Rechtsfreie Textilproduktion
Auch wenn in den vergangenen Jahren immer mehr Unternehmen Arbeitsschutzbestimmungen für ihre Standorte weltweit verabschiedet, Richtlinien für ihre Zulieferer erarbeitet und internationale Abkommen unterzeichnet haben, haben diese Neuerungen kaum etwas genutzt. Besonders betroffen von der Problematik des fehlenden Arbeitnehmerschutzes ist die arbeitsintensive Textilproduktion. Damit das Hemd für den verwöhnten Kunden erschwinglich bleibt, wollen Modeunternehmen vor allem billig produzieren. „Eine aufmüpfige Gewerkschaft, die für einen ordentlichen Lohn und angemessene Arbeitszeiten auf die Barrikaden geht, stört dabei nur“, sagt Fichter. Vertreter des Freihandels gehen zwar davon aus, dass die „unsichtbare Hand“, die ihnen Gewinne beschafft, gleichzeitig auch für einen angemessenen Arbeitnehmerschutz sorgt. Aber die Realität zeigt das Versagen des Marktes. „Weltweit arbeiten immer noch Millionen Menschen ohne faire Bezahlung oder einen ordentlichen Arbeitsschutz – während die Unternehmen große Gewinne einfahren“, so Fichter.
Eine kürzlich im Journal of Development Economics veröffentlichte Studie zeigt, dass der Konkurrenzkampf unter den Ländern wie eine Abwärtsspirale funktioniert. Die Ökonomen Ronald Davies und Krishna Chaitanya Vadlamannati untersuchten, wie sich Nachbarländer verhalten, wenn ein Land seine Arbeitsrechte ändert. Das Ergebnis: Wenn Arbeiter das Recht auf die Gründung von Gewerkschaften oder auf Streiks verlieren, erlassen die umliegenden Staaten mit großer Wahrscheinlichkeit ähnliche Verbote.
Keine Kontrolle
Häufig helfen nicht einmal strengere offizielle Regelungen. Selbst wenn ein Land wie Bangladesch nach einem Unfall schärfere Gesetze verabschiedet, bedeutet das nicht, dass sich die Situation für die Arbeiter verbessert. Die Studie von Davies und Vadlamannati zeigt, dass viele Firmen trotz stärkerer Arbeitsrechte nichts zu befürchten haben. Denn die Einhaltung der Gesetze wird kaum oder gar nicht kontrolliert. Und auch hier gilt: Ist ein Land in der Durchsetzung seiner Gesetze nachlässig, schauen auch die Nachbarländer weg.

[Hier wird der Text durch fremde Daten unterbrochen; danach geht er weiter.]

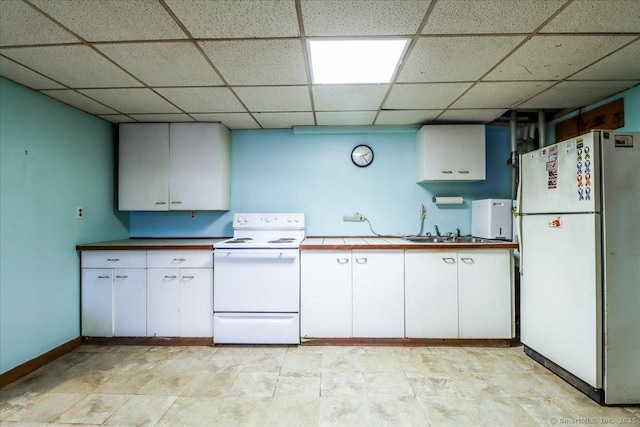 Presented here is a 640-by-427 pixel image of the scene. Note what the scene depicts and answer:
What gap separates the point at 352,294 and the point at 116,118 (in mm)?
2986

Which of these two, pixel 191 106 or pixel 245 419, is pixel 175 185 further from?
pixel 245 419

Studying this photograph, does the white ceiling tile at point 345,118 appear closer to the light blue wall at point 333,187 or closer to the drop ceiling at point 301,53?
the drop ceiling at point 301,53

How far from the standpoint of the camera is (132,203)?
318 cm

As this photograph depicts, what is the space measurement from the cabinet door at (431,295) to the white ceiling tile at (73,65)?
2.75 m

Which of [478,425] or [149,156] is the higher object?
[149,156]

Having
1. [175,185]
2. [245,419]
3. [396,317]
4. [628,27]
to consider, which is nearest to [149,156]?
[175,185]

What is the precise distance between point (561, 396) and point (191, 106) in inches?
142

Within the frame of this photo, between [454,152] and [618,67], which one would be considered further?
[454,152]

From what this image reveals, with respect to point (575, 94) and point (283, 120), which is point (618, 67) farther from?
point (283, 120)

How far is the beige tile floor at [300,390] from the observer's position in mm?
1740

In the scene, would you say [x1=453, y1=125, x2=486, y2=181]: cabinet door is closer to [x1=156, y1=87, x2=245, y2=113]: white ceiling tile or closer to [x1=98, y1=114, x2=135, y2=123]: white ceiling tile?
[x1=156, y1=87, x2=245, y2=113]: white ceiling tile

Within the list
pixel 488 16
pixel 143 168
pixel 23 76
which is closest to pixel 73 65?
pixel 23 76

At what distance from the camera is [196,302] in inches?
109

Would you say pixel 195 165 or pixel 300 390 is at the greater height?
pixel 195 165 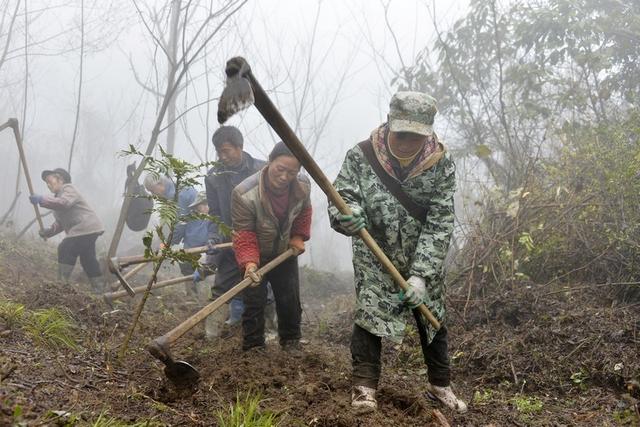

Die Studie weist also darauf hin, dass ein international geregeltes Arbeitsrecht notwendig ist. „Durch die Globalisierung ist in den vergangenen 30 Jahren ein Markt entstanden, auf dem Staaten weltweit agieren“, sagt auch Fichter. „Nur eine internationale Harmonisierung des Arbeitsrechts kann den Menschen gerecht werden.“ Ansonsten werden Länder mit stärkerem Arbeiterschutz auf dem internationalen Markt immer benachteiligt sein – und, um wettbewerbsfähig zu bleiben, mit einer Lockerung der Gesetze reagieren.
Arbeiterschutz für sozialen Frieden
Ein weiteres Argument für ein internationales Arbeitsrecht ist die Stärkung des sozialen Friedens. „Die steigende Zahl der Wirtschaftsflüchtlinge verdeutlicht, dass wir uns schon lange nicht mehr nur um nationalen Frieden, sondern international um den Kampf gegen Armut und Ungleichheit bemühen müssen“, sagt Michael Fichter. In den vergangenen Tagen sind beispielsweise in China mehrere zehntausend Menschen auf die Straße gegangen, um für höhere Gehälter zu protestieren.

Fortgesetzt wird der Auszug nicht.